05 March 2009

Croquettes of Maize, part 1

This week started poorly and has not improved much, so today I am talking about cookies, as a distraction.

I think I have mentioned my ongoing love affair with 19th century manuals of domestic economy. In my searches for more examples of these (especially ones outside the Anglo-American sphere), I found a volume titled French Domestic Cookery (New York, 1846) on Google Books. The editor of this tome describes it as an adapted translation of La Cuisinière de la Campagne et de la Ville, then in its 30th edition. Despite the New York publisher, the translation seems originally to have been made by an English person for an English audience -- there are references throughout the preface to the availability of items or ingredients in England, and it is signed and dated in London.

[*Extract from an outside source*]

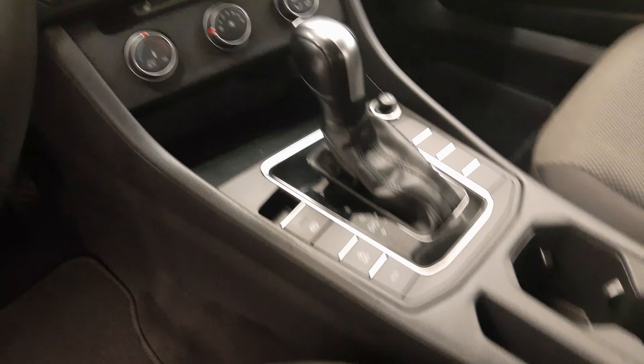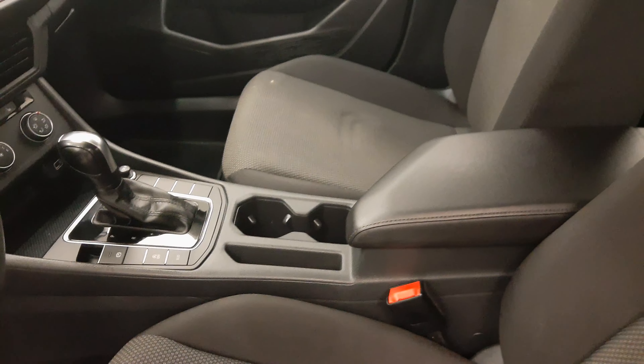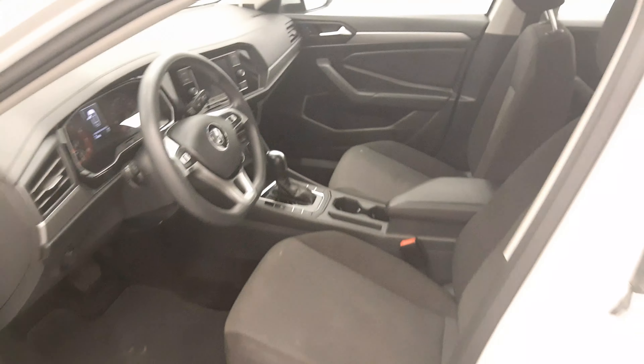Also featured are climate-controlled AC, heated seats, electronic park brake, automatic start-stop, and eco controls. Our interior colour is black and grey.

In the chapter on Sweet Entremets, the English version includes a delicate little cookie recipe under the weighty title Croquettes of Maize. This recipe doesn't appear in the 1858 or 1893 editions of La Cuisinière (both also on Google books); perhaps it was inserted by the English editor or was removed from the later French editions, I don't know.

The recipe is very simple:

Take a quarter of a pound of grated sugar, a quarter of a pound of flour, half of maize, (Indian corn flour,) half of ordinary flour, and the same weight of fresh butter, with a little lemon peel grated, or orange flower water: mix the whole in a mortar to a paste; then roll it out very thinly; cut it into pieces of whatever form you like, and bake them on a tin. Serve with a little powdered sugar over them.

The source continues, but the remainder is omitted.